2. The extraordinary responsibility of the common carrier


lasts form the time the goods are unconditionally placed
in the possession of, and received by the carrier for
transportation until the same are delivered, actually or
consecutively, by the carrier to the consignee,or to the
person who has a right to receive them. It remains in
full force and effect even when they are temporarily
unloaded or stored in transit unless the shipper or
owner has made use of the right of stoppage in transitu.

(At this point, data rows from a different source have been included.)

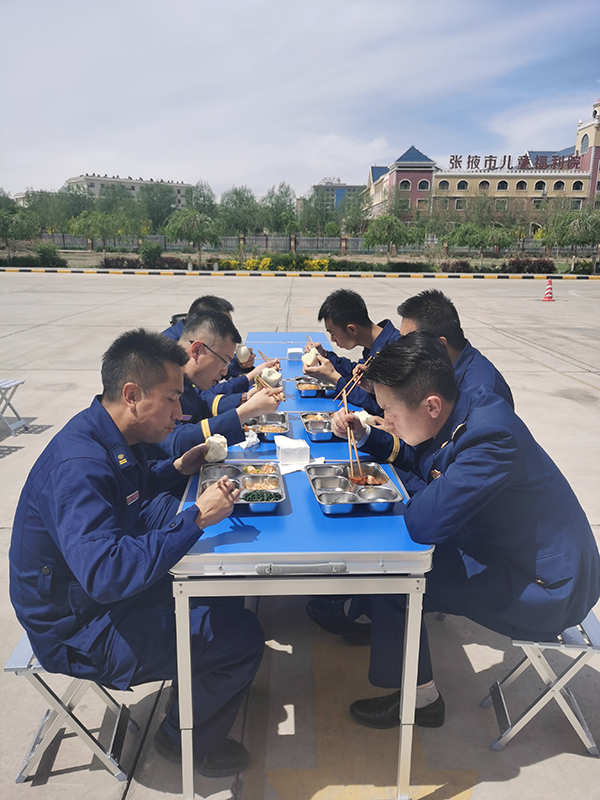 甘肅張掖：飲食保障車正式“入伍” 戰(zhàn)勤保障新裝備催生戰(zhàn)斗力(圖10)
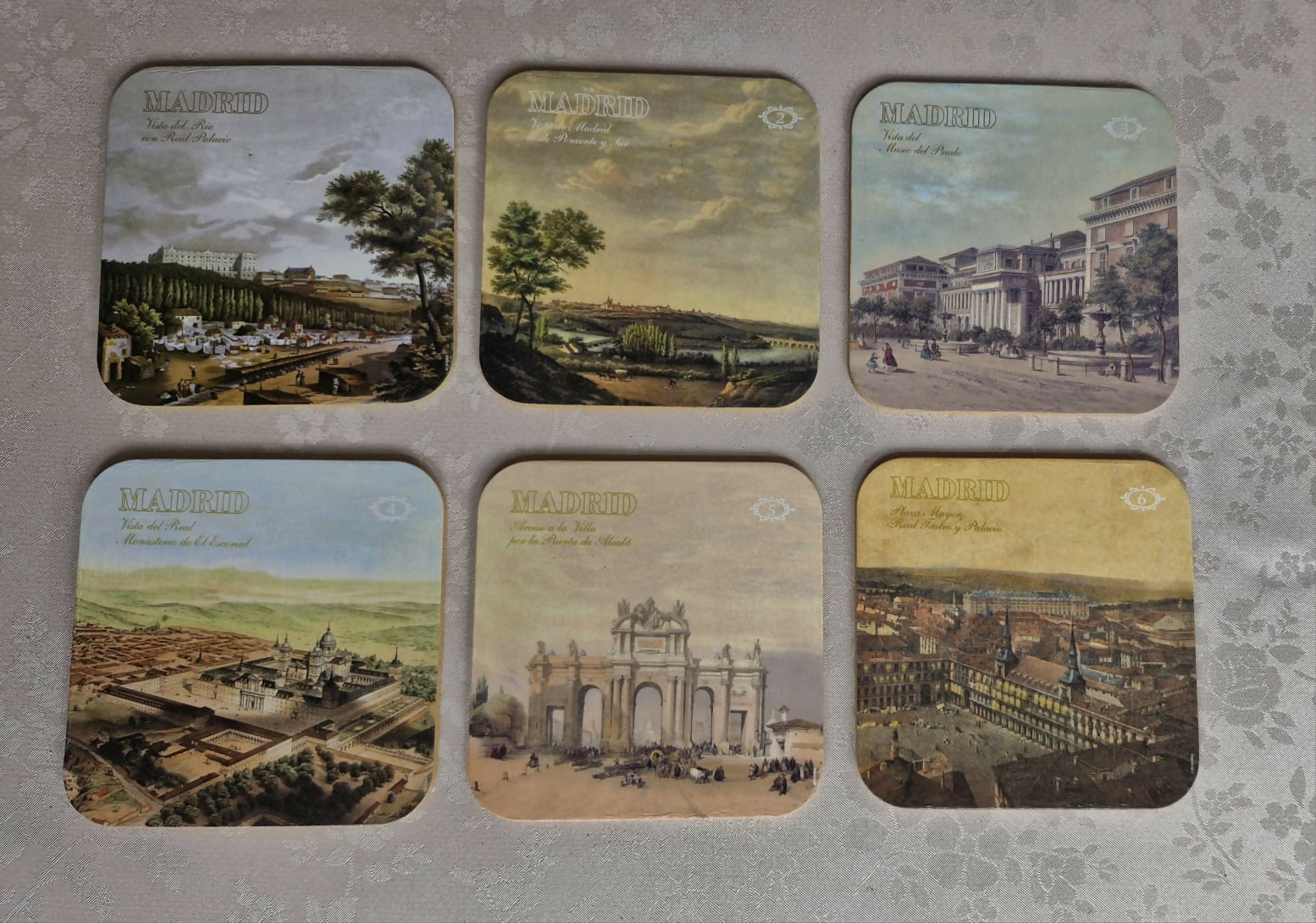 Conjunto de porta-copos fabricados na Espanha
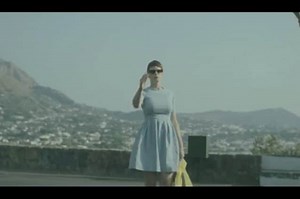Gli Hooverphonic cantano “Amalfi” ma girano il video ad Ischia: è polemica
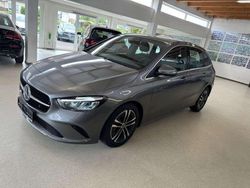 Mountaingrau Gebraucht 2024 Mercedes B200 Advanced Van / Kleinbus | 33.490 € (Fairer Preis)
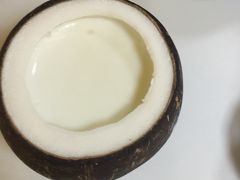 -志龙皇冠吃货椰子铺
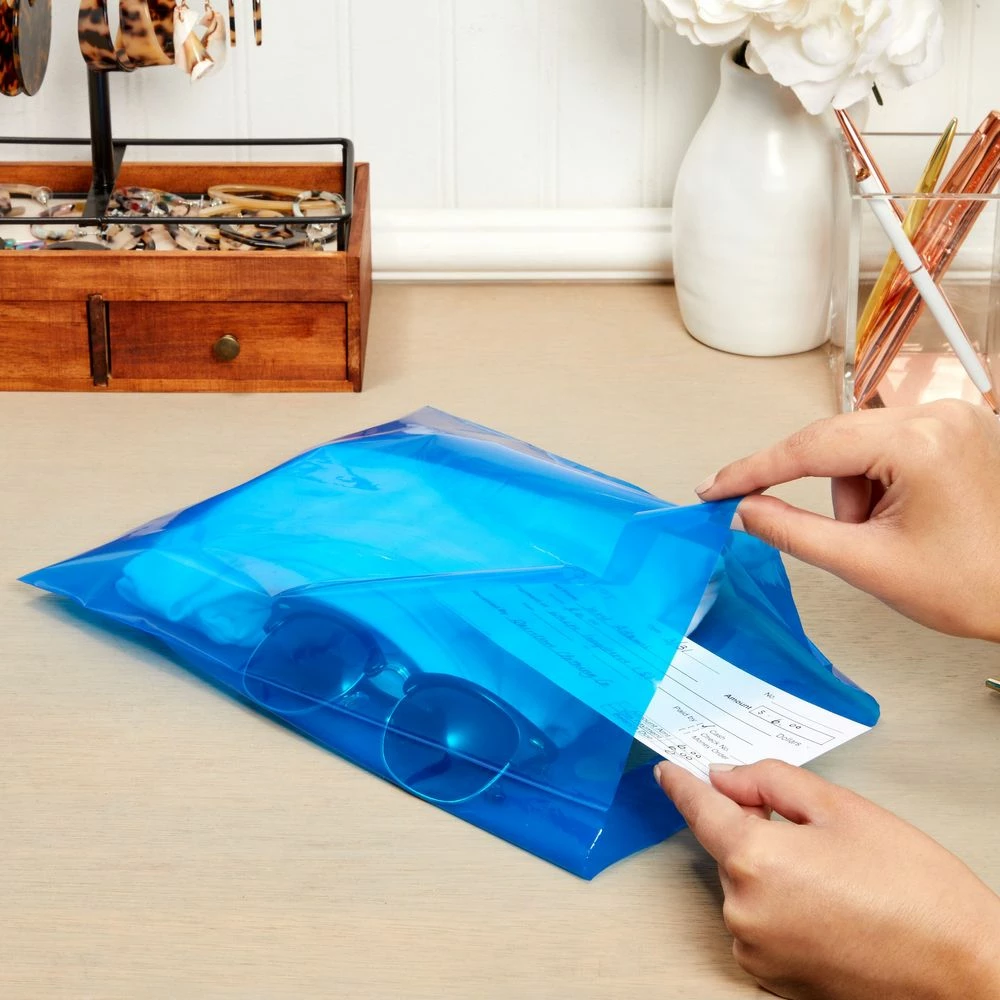 Blue Panda Party Bags And Boxes Blue Plastic Merchandise Bags With Handles For Retail, Party Favors (Medium, 100 Pack) 4 Blue Panda Party Bags And Boxes Blue Plastic Merchandise Bags With Handles For Retail, Party Favors (Medium, 100 Pack)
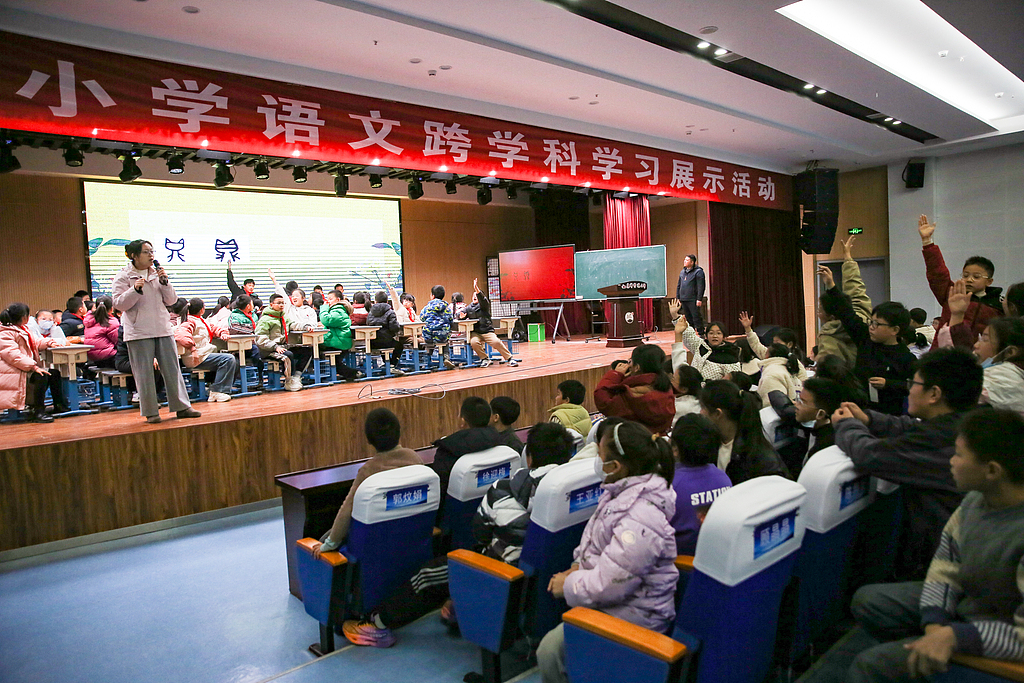 江苏南通：文博知识进校园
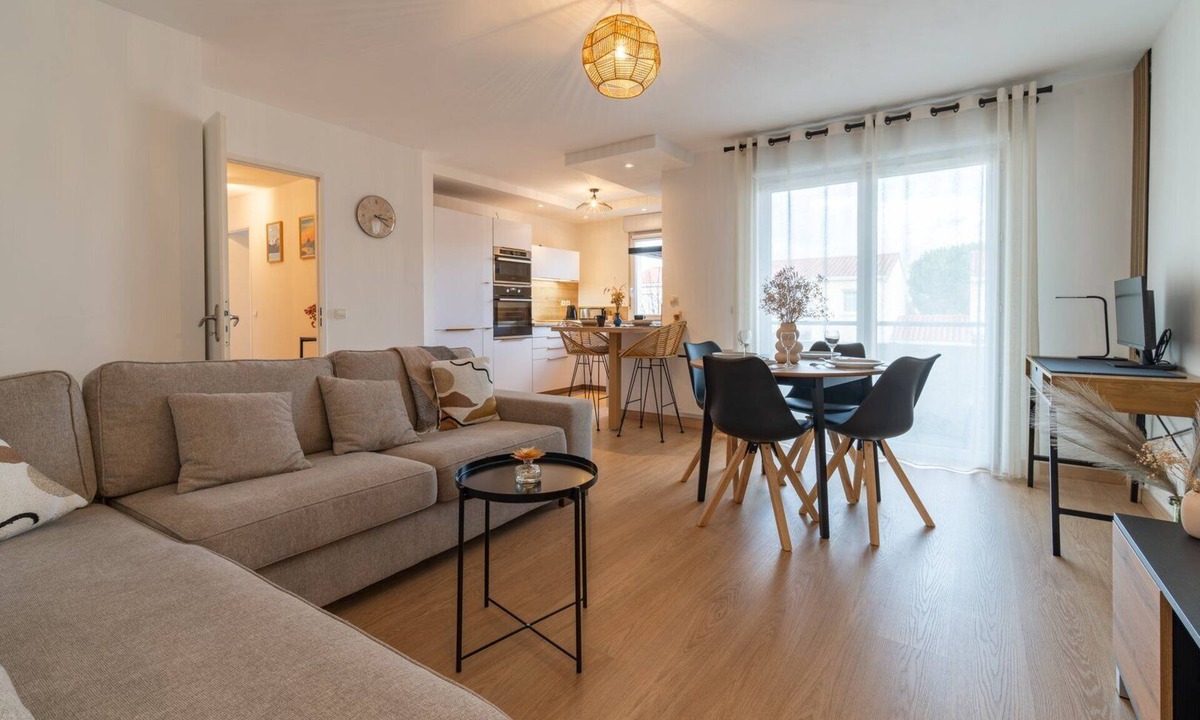 Tarbes Apartment | Le Scandinave ~ Balcony ~ Digital Nomads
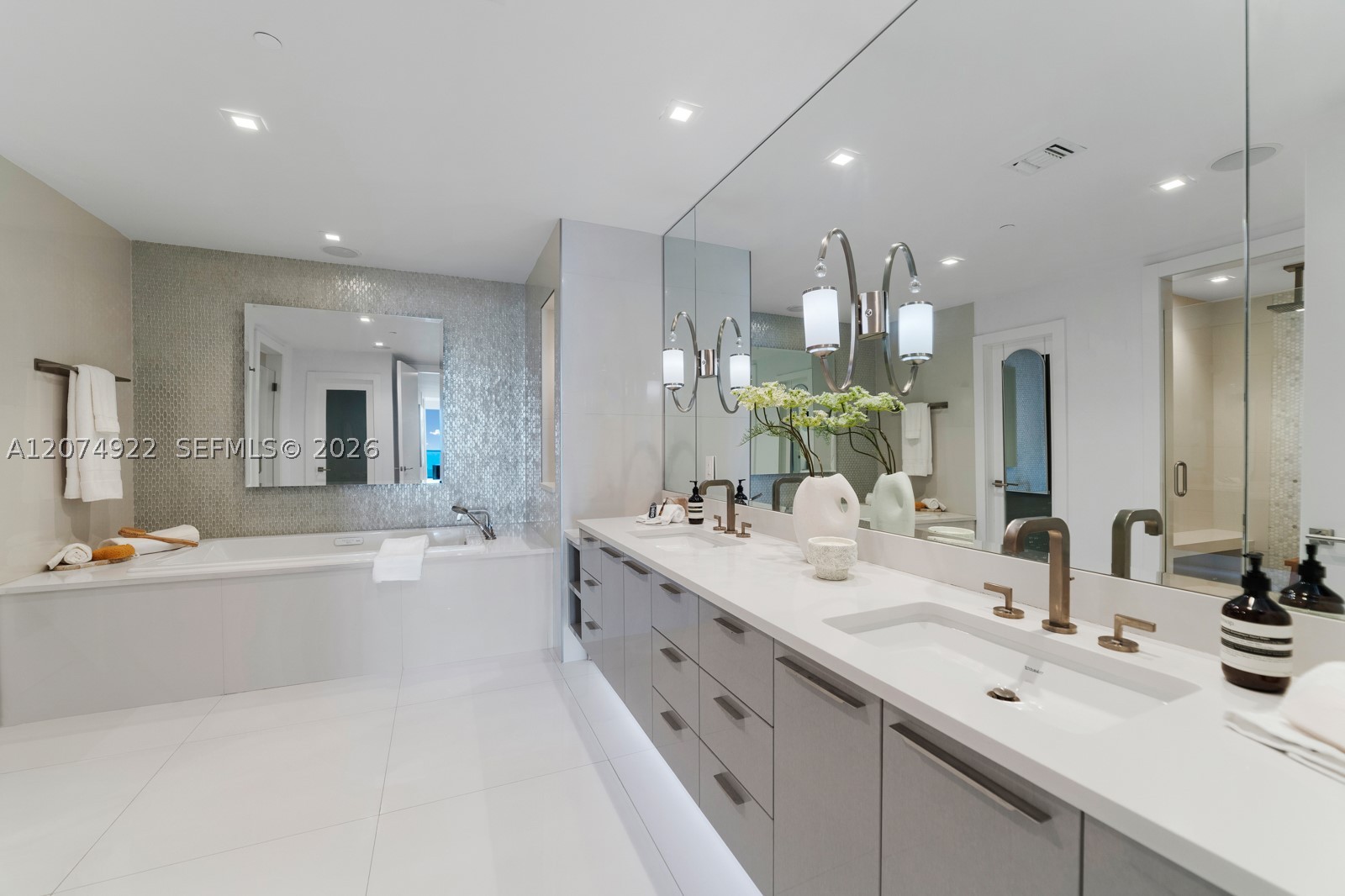 5959 Collins Ave #1606, Miami Beach FL 33140
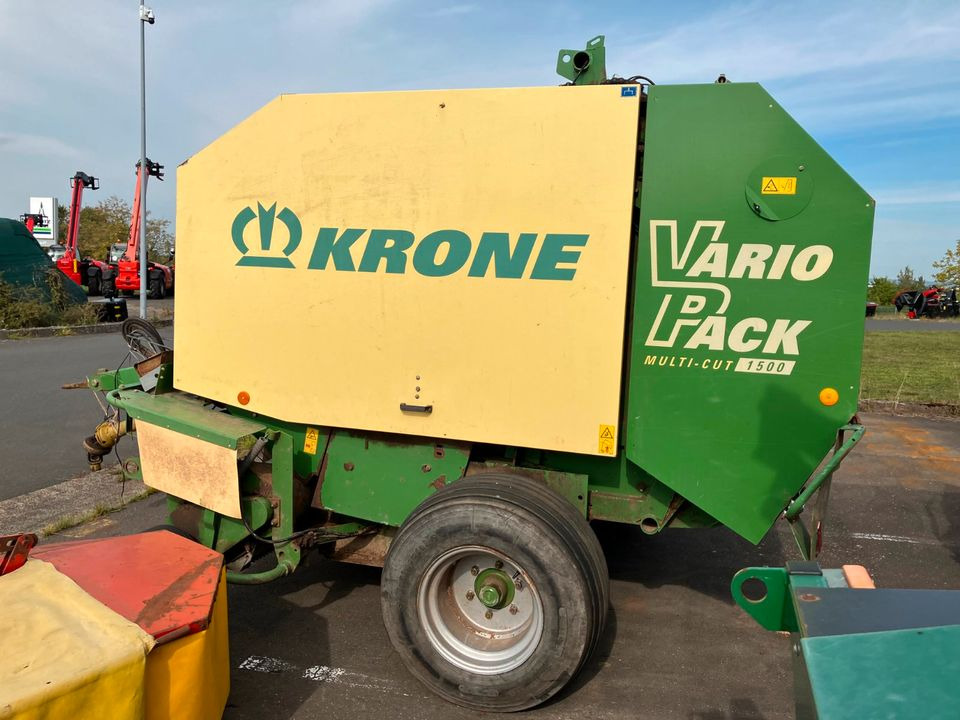 Krone Rundballenpresse VP 1500 MC Schneidwerk Netzbindung - 원형 베일러 : 사진 2 Krone Rundballenpresse VP 1500 MC Schneidwerk Netzbindung - 원형 베일러 : 사진 2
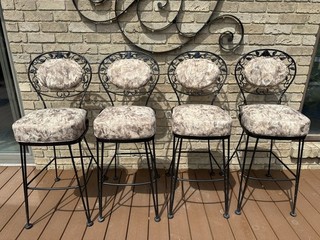 Woodard Chantilly Rose Wrought Iron set of 4 bar stools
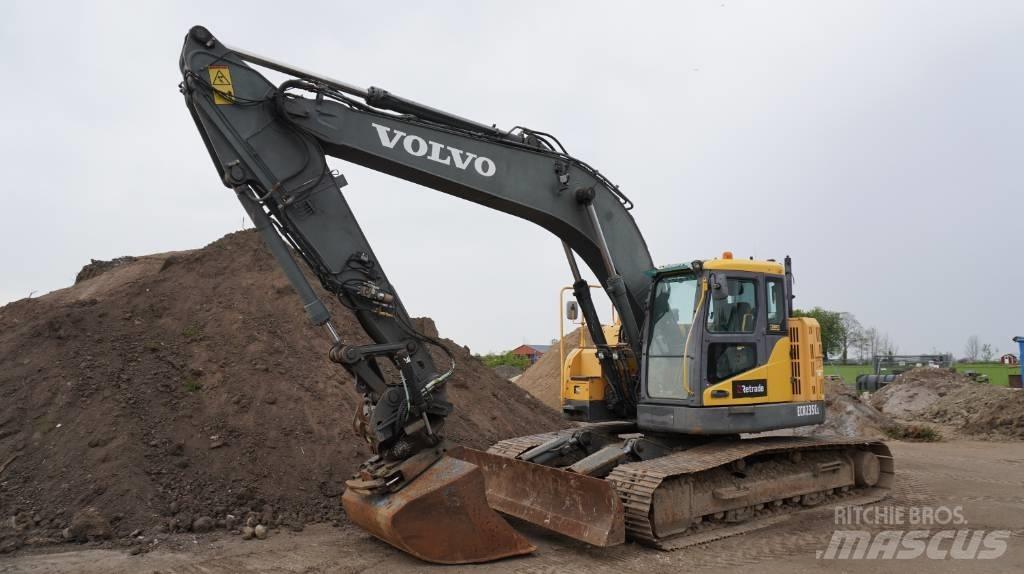 Volvo ECR 235 C L Bandgrävare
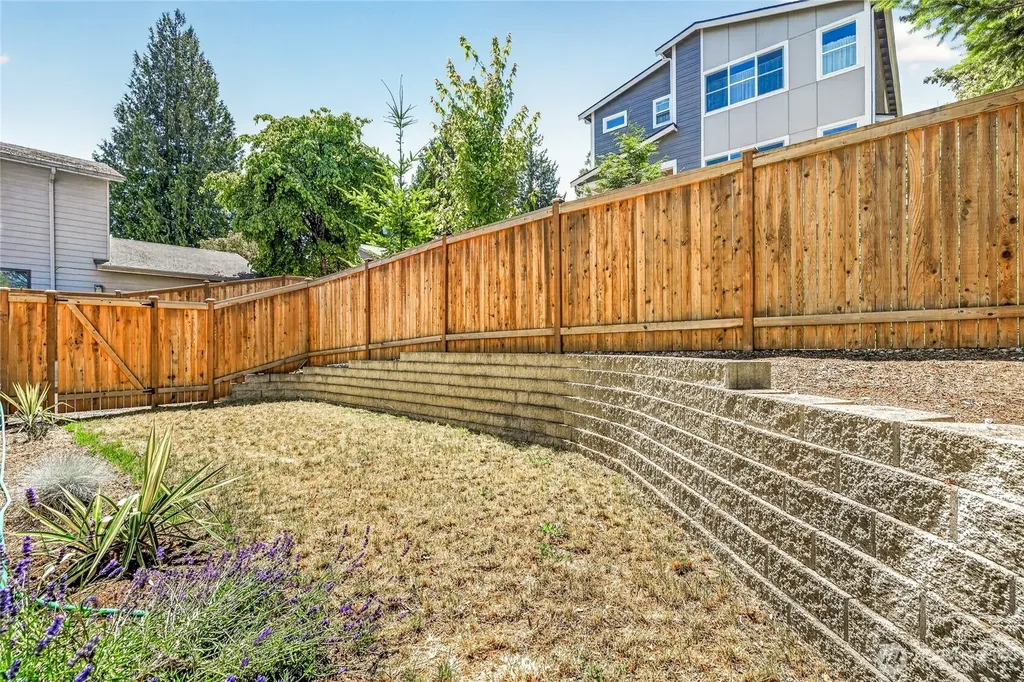 17051 8th Avenue NE Shoreline WA 98155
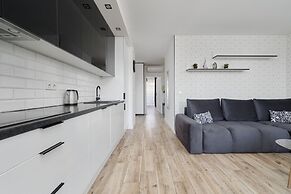 Stylish & Spacious Apartment by Renters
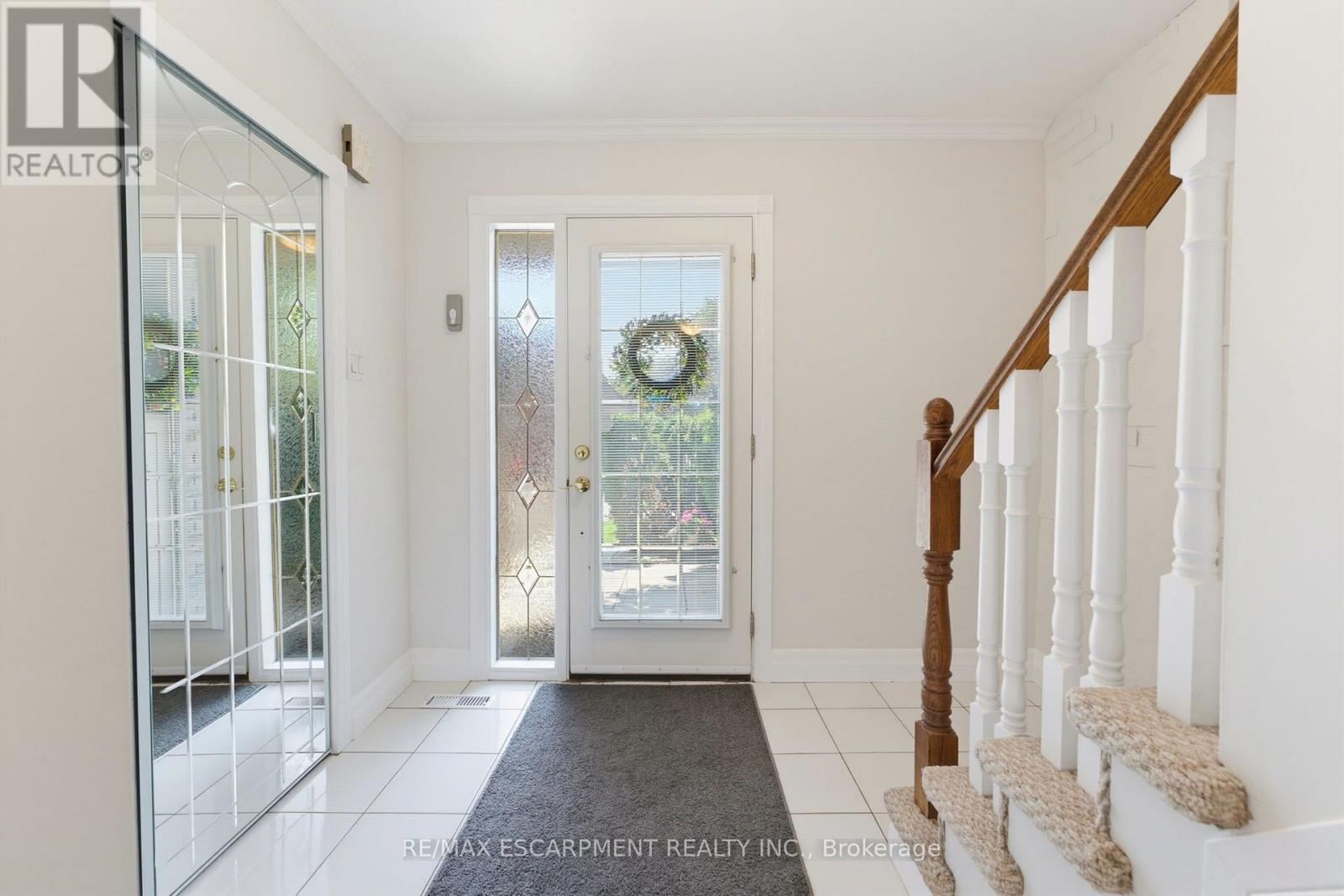 620 FORESTWOOD CRESCENT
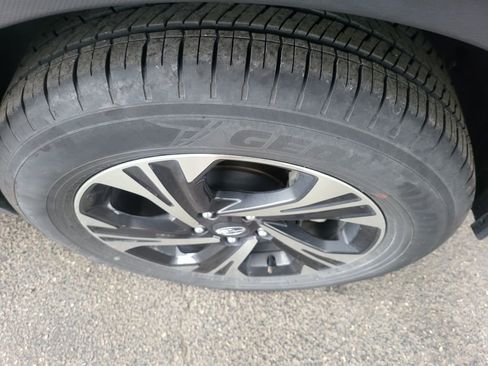 Used 2025 Subaru Crosstrek 2.0i Premium image 6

It continues to be operative even during the time the
goods are stored in a warehouse of the carrier at the
place of the destination until the consignee has been
advised of the arrival of the goods and has had
reasonable opportunity thereafter to remove them or
otherwise dispose of them (Arts. 1736-1738, NCC). The
extraordinary diligence in the vigilance over the goods
tendered for shipment requires the common carrier to
know and to follow the required precaution for avoiding
the damage to, or destruction of, the goods entrusted
to it for safe carriage and delivery. It requires common
carriers to render service with the greatest skill and
foresight and to use all reasonable means to ascertain
the nature and characteristic of goods tendered for
shipment and to exercise due care in the handling and
stowage, including such methods as their nature
requires. (Sulpicio Lines, Inc. vs. First Lepanto-Taisho
Insurance Corporation, G.R. 140349 June 29, 2005). For
example, if the carrier is equipped with the proper
knowledge of the nature of steel sheets in coils and of
the proper way of transporting them, the master of the
vessel and his crew should have undertaken precautionary
measures to avoid possible deterioration of the cargo.
(Belgian Overseas Chartering and Shipping N.V. vs.
Philippine First Insurance Co., Inc 383 SCRA 23).